Monday, July 18, 2016

Science Keeping Up With The Times

Biopesticides (also called bioscience products) are pesticides that are found in nature. Do you remember studying in middle school how the black walnut tree exudes its own preemergent herbicide (juglone that causes an allelopathic effect) to keep other plant life from growing underneath it and competing with it?  This is definitely the way of the future! 

The most common biopesticides that you might have heard of in the past would be pheromone traps for catching flies or Japanese beetles.  Pheromones are a natural chemical attractants (usually sexual) that animals as well as insects produce. You put these attractants on a glue board to attract flies and Japanese beetles and they get stuck. Bt or Bacillus thuringiensis is a bacteria that controls many different worms, caterpillars, mosquito larvae or Lepidoptera insects.  Diatomaceous earth is a natural contact insecticide derived from microscopic plankton or algae with silica skeletons.  Roaches, ants, fleas, and snails walk across this product and it causes abrasions to their exoskeleton and they dry out and die.

Many of the major chemical manufacturers are spending more money developing these types of products (finally) because they are easier to get approved through the EPA, saving them money in the long run. One of our main manufacturers recently introduced an insecticide that is approved by the National Organic Program; however, they didn’t market it as an organic product because some people in the industry feel that organic products do not perform as well as the chemical counter parts.

Most bioscience products are very specific to certain pests; however, now many products are being introduced with a much broader label.  In some cases, it is required that you use them more frequently because the product breaks down in the environment very quickly.  Diatomaceous earth on the other hand lasts a very long time. It is important that you know the life cycle of the insect or pest that you are after because some bioscience products only attack the pests at a certain stage in their life cycle. 

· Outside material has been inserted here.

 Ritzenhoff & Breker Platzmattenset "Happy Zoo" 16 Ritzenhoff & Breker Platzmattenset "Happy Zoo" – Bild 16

Some bioscience products that we had had a lot of success with include; Harpin protein, Neem Oil, Spinosad, beneficial nematodes, various oils and insecticidal soaps.  Other bioscience products called bionutritional products or biostimulants that we have seen great success with include; humic acid (Possum Hume), seaweed products (liquefied seaweed and sea kelp products), and amino acid products.  SeaHume (a combination or seaweed and humic acid) is a proven performer in the Lowcountry.

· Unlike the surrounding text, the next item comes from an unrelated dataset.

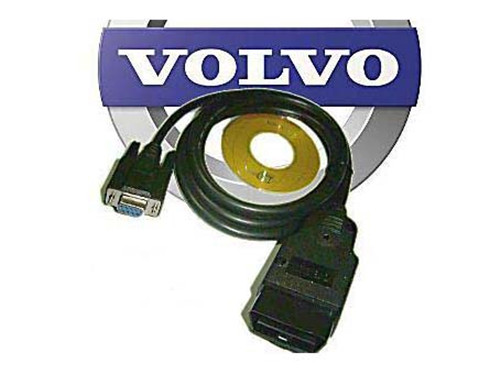 for Volvo Fcr Code Reader Scanner Diagnostic Cable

To give you an example of a bioscience product, Harpin protein (found in Mighty Plant) is a bacteria’s (fire blight) waste product (poop) that is sprayed on the plant.  The plant thinks it is being attacked by a bacteria so it goes into its defensive mode.  The plant’s cuticle thickens preventing attack from certain insects, fungi and bacteria.  This cuticle thickening also conserves water.  The plant also flowers profusely in an effort to create seeds to perpetuate its species (war time babies) and also grows a larger root system.  Since most people grow plants for flowers, this is an obvious benefit.  A plant that has been treated with Harpin protein is more drought tolerant, has better flowers, has better foliage, can resist certain fungus and insect attacks, and has a stronger root system than an untreated plant. 

Always read, understand and follow product label. The product label is a Federal Law.